All'improvviso, mentre al povero Bruno/Alberto Amarilla compaiono i fantasmi di ragazzi malamente uccisi in passato (foto a sinistra), davanti ai nostri occhi riprendono a ballare quelli (mai sopiti) dei Mario Bava, dei Dario Argento d'antan (la persistenza retinica è un'idea di 4 Mosche di Velluto Grigio)... ma allora non eravamo un manipolo di tarantiniani esaltati, noi, quelli di Nocturno, di Splattercontainer, i frequentatori di Bloodbuster o del forum di Thrauma, che continuavamo a lagnarci della fine del genere horror (e thriller, e fantascienza e... e...) nel cinema italiano, quando ormai tutto il mondo era allagato da un'onda di sangue e spaventi, dal new japan horror alle ardite produzioni francesi, ai remake/sequel hollywoodiani!
Ok, non lasciamoci trascinare dall'emozione e andiamo con ordine, perché il film, coproduzione italo-ispano-irlandese, come si diceva, oltre a un nugolo di omaggi ai Classici del cinema (Murnau, ma anche Caligari, Ozu...), allinea una ricca messe di spunti di varia provenienza, in particolare dal recente thriller-horror iberico.

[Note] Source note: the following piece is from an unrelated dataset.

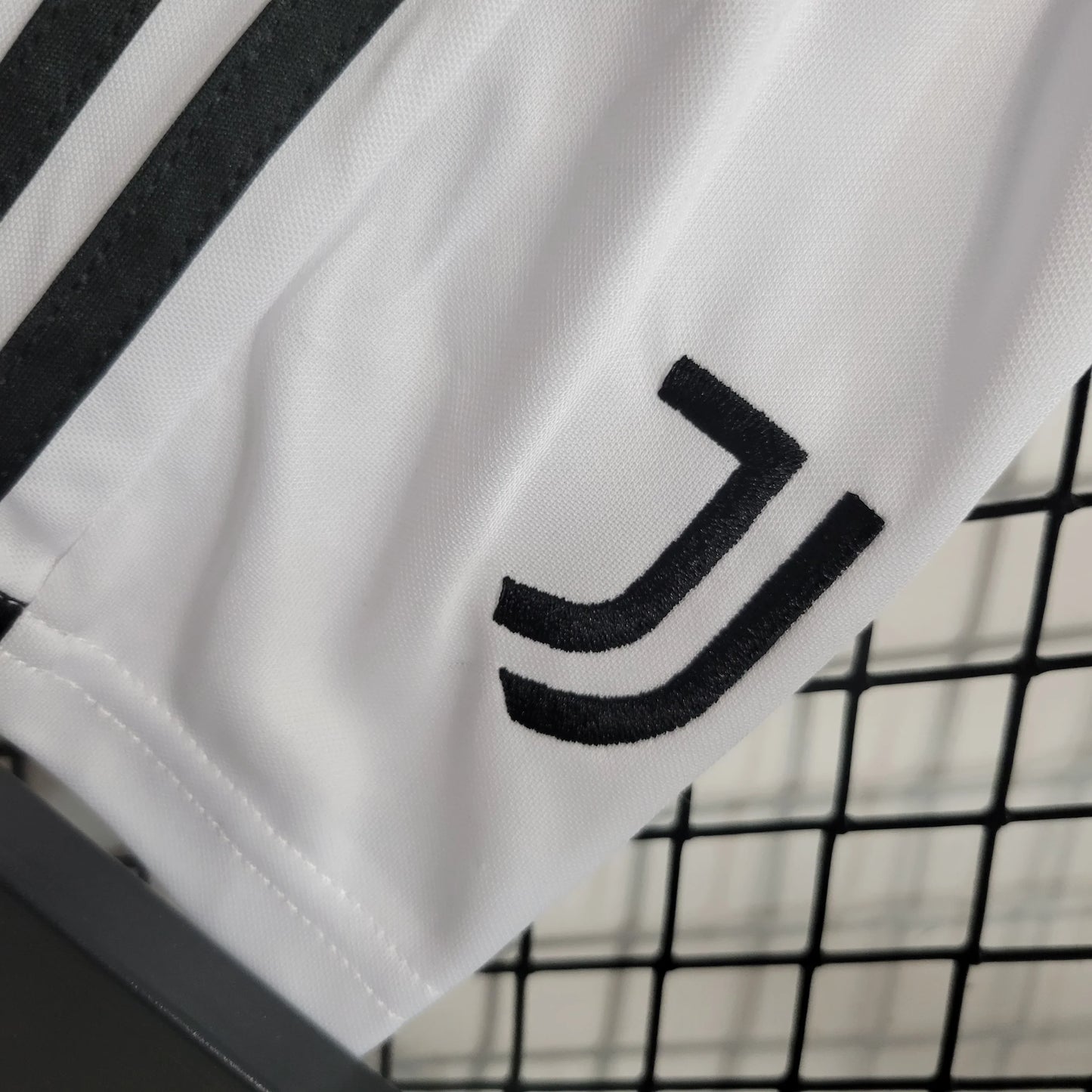 Kit Criança Secundário Juventus 2023/24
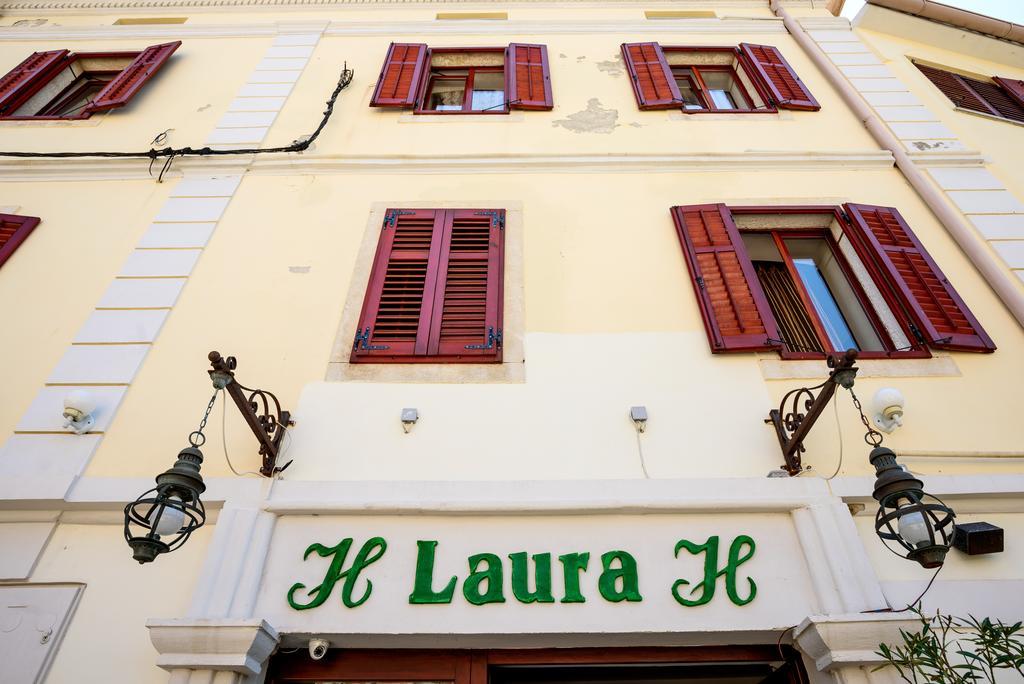 Rooms Laura เมดูลิน ภายนอก รูปภาพ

Infatti, il coté metacinematografico della trama (i ragazzi sono aspiranti registi, in una scuola di cinema, i killer sono 'ladri d'immagini'...) può far pensare al fulminante debutto di Amenabar (Tesis), mentre l'ambientazione nell'antiquata scuola al suo The Others, o anche alla Spina del Diavolo di Guillermo Del Toro (il collegio di ragazzini, le apparizioni di persone morte) e al recente El Orfanato di Juan Antonio Bayona (The Orphanage, prodotto proprio da Del Toro). Infine, aggiungerei io, l'ambientazione boschiva della scuola non è aliena da un aroma di 'gotico padano' alla Pupi Avati (con cui il regista Bessoni si è fatto le ossa, guarda un po').
Insomma, un film di citazioni? Non solo, senza essere rivoluzionaria, l'idea degli assassini-ladri d'immagini 'terminali' è un bello spunto, che ci riporta idealmente alle origini del cinema (l'occhio tagliato del Chien Andalou di Bunuel): il regista come killer, vite spezzate in nome d'immagini immortali... un bel discorso metacinematografico che, se non del tutto nuovo, è sempre stuzzicante nelle sue infinite declinazioni, da L'Occhio che uccide (Peeping Tom) di Michael Powella Cigarette Burns di Carpenter.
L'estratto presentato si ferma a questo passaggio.